== Segment start ==
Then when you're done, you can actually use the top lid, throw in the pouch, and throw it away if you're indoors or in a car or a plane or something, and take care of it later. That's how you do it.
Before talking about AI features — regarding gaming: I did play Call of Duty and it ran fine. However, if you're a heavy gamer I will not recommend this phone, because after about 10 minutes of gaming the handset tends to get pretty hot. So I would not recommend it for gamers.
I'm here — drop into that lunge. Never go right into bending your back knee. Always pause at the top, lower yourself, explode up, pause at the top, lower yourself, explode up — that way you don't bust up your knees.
== Segment end ==
== Segment start ==
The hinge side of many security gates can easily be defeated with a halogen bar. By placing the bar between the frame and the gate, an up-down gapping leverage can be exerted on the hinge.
== Segment end ==
== Segment start ==
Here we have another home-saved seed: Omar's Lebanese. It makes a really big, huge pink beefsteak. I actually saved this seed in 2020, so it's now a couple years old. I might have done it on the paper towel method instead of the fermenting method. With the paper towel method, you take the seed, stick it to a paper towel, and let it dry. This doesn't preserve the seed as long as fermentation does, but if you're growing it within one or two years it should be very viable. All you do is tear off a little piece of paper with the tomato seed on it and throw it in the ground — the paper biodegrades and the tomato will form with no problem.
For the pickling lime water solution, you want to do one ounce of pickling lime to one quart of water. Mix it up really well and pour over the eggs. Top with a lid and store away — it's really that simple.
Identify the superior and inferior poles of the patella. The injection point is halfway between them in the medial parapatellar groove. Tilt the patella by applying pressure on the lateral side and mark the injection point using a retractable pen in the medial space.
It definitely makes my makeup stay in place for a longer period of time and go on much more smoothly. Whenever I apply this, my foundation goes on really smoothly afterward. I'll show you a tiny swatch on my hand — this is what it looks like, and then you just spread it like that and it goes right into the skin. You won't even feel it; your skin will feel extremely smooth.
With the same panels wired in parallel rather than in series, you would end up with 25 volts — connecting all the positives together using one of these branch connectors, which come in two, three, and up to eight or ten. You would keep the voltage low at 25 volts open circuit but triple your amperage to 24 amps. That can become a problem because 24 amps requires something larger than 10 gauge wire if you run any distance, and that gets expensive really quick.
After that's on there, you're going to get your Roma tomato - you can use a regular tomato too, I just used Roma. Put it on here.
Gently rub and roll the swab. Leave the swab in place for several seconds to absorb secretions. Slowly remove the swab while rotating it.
== Segment end ==
Instructions to follow: Beginning with the line containing "Before talking about" in the material above, copy every line exactly until you have copied the line containing "I'm here — drop".

Written solution:
Before talking about AI features — regarding gaming: I did play Call of Duty and it ran fine. However, if you're a heavy gamer I will not recommend this phone, because after about 10 minutes of gaming the handset tends to get pretty hot. So I would not recommend it for gamers.
I'm here — drop into that lunge. Never go right into bending your back knee. Always pause at the top, lower yourself, explode up, pause at the top, lower yourself, explode up — that way you don't bust up your knees.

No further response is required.